From Theory to Practice: Enhancing Data Privacy with Mathematics and Statistics
作者:
时间:2025-11-05
阅读量:327次
  • 演讲人: 王晨笛(厦门大学,助理教授)
  • 时间:2025年11月11日15:30
  • 地点:浙江大学紫金港校区行政楼1417报告厅

摘要:A fundamental challenge in data privacy is the privacy-utility trade-off: increasing privacy protection often reduces data utility. A key to mitigating this trade-off is to calculate the privacy budget (also known as privacy accounting) more accurately. In this talk, we introduce a general framework for tightly accounting for privacy budget in practice, leveraging statistical tools like hypothesis testing and mathematical tools from harmonic analysis and discrete math. We demonstrate its effectiveness in two applications: the 2020 US Census and fully decentralized federated learning algorithms.

For the 2020 US Census, tight privacy accounting is difficult because the budget depends on complicated discrete distributions. To address this, we propose a hybrid (numerical and analytical) privacy accountant that reduces the mean squared error of privatized contingency tables by 15.8% to 24.8% across geographical levels compared to the method used in current products.

In fully decentralized federated learning, privacy is amplified by data decentralization and random walks, which makes the budget depend on complicated mixture distributions that are hard to quantify. Using tools from hypothesis testing and Markov chain analysis, we developed a sharper privacy accountant that, in many cases, achieves significant improvements to the privacy budget (provides a >2x improvement).

 

Bio: Chendi Wang is an Assistant Professor at the Wang Yanan Institute for Studies in Economics (WISE) and the School of Economics, Xiamen University. He received his Ph.D. from The Hong Kong Polytechnic University and his Bachelor’s degree from Beijing Normal University.
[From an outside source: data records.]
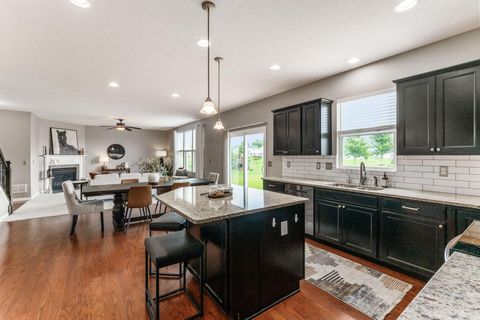 Tiny photo for 11694 Daventry Drive NW, Pickerington, OH 43147 (MLS # 226019072)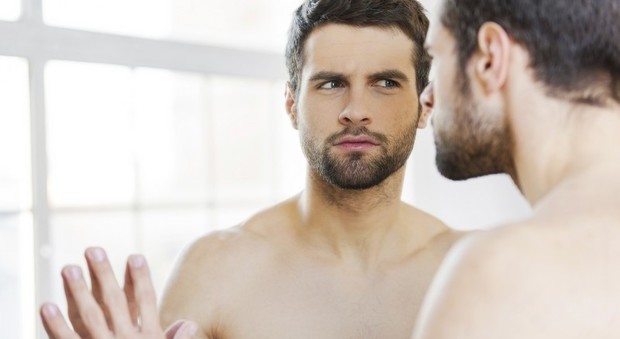 Con o senza barba? Per una relazione duratura le donne prediligono l'uomo villoso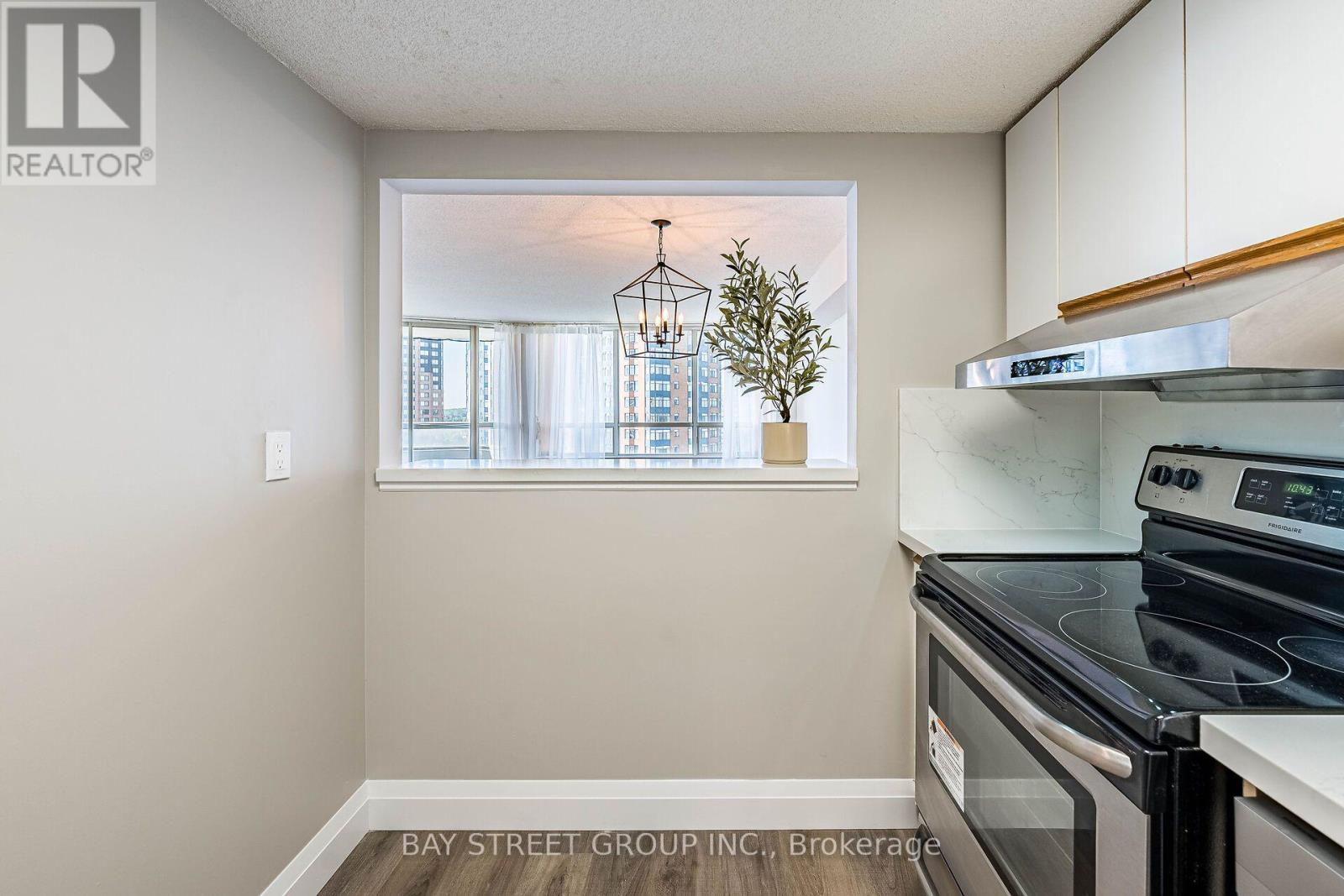 1001 - 150 Alton Towers Circle, Toronto, Ontario M1V 4X7 - Photo 11 - E13569864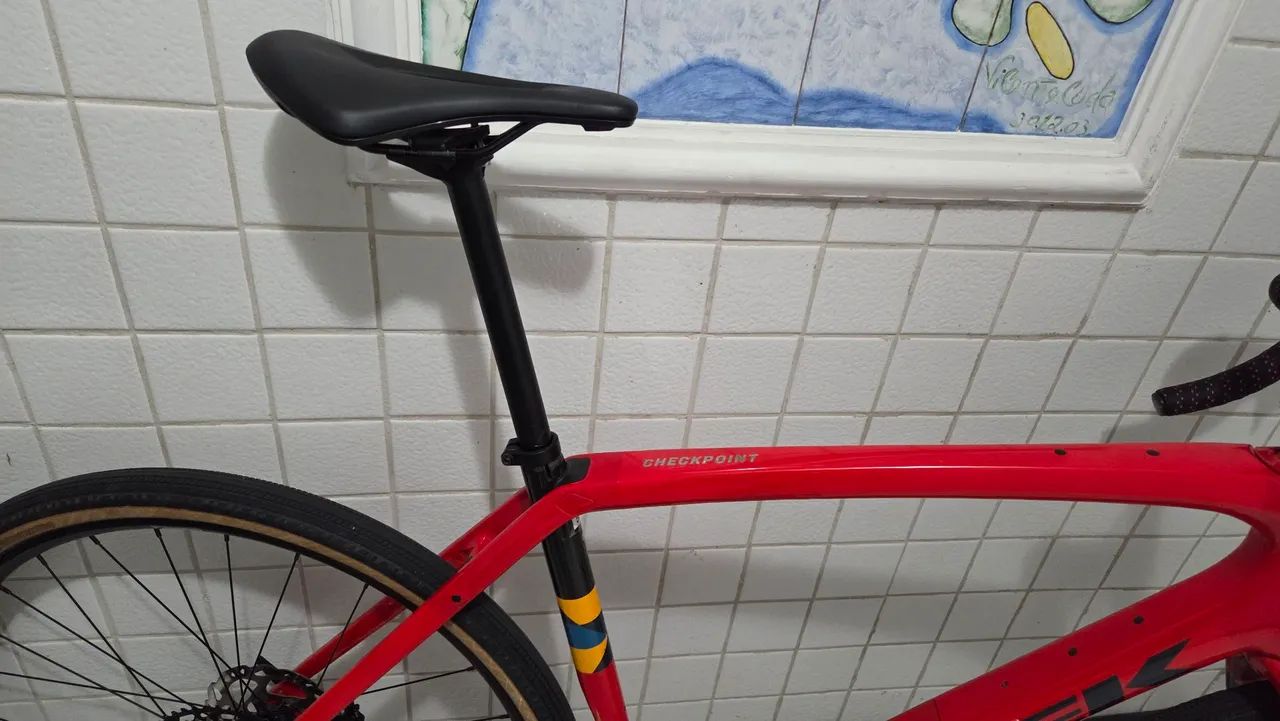 Bicicleta Gravel Trek Checkpoint Carbono - Foto 2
From 2021 to 2024, he was a visiting scholar in the Wharton Department of Statistics and Data Science, University of Pennsylvania. His research focuses on data privacy and machine learning, with publications in leading journals such as PNAS and top-tier AI conferences such as ICML, ICLR, and NeurIPS, including an ICML 2024 oral presentation (top 1.5%) and a NeurIPS 2025 spotlight paper (top 3%). Additionally, his collaborative research on the privacy of the U.S. Census 2020 has been featured by New Scientist.